=== Begin Enclosure ===

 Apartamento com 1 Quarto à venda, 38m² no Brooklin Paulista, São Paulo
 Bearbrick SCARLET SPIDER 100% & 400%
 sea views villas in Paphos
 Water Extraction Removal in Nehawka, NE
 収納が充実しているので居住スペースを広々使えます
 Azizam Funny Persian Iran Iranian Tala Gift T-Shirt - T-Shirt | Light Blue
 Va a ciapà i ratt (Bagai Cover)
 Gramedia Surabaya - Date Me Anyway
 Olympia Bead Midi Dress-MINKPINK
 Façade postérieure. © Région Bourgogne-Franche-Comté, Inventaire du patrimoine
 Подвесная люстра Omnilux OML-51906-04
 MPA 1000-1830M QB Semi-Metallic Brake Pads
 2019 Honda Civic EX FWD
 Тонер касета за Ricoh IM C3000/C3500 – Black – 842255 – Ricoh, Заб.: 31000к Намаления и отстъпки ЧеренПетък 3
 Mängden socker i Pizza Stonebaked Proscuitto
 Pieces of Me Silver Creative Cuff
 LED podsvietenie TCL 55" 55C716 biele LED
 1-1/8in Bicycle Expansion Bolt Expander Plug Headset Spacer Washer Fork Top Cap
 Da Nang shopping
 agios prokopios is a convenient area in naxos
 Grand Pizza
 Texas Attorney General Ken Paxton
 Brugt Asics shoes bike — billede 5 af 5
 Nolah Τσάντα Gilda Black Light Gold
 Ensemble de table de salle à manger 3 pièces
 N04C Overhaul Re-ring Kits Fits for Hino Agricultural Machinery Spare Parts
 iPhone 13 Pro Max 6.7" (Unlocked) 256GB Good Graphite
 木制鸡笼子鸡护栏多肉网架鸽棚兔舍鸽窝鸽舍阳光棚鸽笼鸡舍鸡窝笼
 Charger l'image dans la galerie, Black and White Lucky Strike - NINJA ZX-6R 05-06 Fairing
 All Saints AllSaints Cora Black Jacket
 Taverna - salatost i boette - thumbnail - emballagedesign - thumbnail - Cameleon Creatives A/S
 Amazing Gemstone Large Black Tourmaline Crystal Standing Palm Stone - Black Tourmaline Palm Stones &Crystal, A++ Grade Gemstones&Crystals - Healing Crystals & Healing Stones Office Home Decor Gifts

=== End Enclosure ===

**YOUR ASSIGNMENT**
Beginning at the line with "Charger l'image dans" and ending at the last line of the entries, print every line exactly.

**OUTPUT FOR THIS EXERCISE**
 Charger l'image dans la galerie, Black and White Lucky Strike - NINJA ZX-6R 05-06 Fairing
 All Saints AllSaints Cora Black Jacket
 Taverna - salatost i boette - thumbnail - emballagedesign - thumbnail - Cameleon Creatives A/S
 Amazing Gemstone Large Black Tourmaline Crystal Standing Palm Stone - Black Tourmaline Palm Stones &Crystal, A++ Grade Gemstones&Crystals - Healing Crystals & Healing Stones Office Home Decor Gifts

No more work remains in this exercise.